__Provided data__.
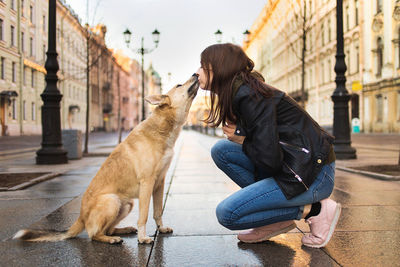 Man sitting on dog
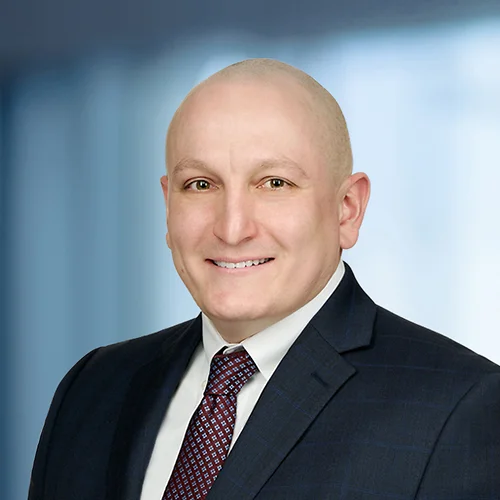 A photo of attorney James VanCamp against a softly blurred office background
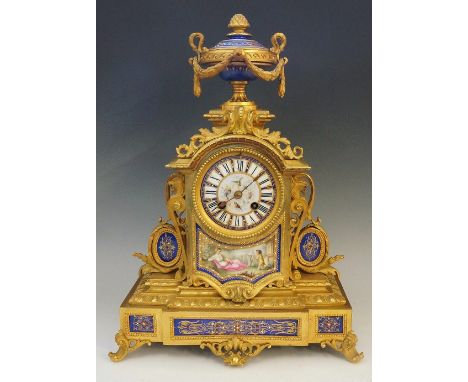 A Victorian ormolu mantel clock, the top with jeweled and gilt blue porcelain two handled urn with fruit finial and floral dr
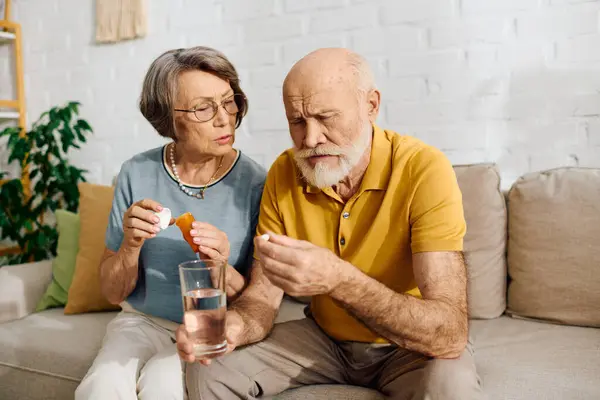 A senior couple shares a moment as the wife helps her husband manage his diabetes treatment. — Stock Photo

__Work item__.
Write out nothing but the lines from the start of the data through the line with "A Victorian ormolu". Leave out the pictures.

__Expected answer__.
 Man sitting on dog
 A photo of attorney James VanCamp against a softly blurred office background
 A Victorian ormolu mantel clock, the top with jeweled and gilt blue porcelain two handled urn with fruit finial and floral dr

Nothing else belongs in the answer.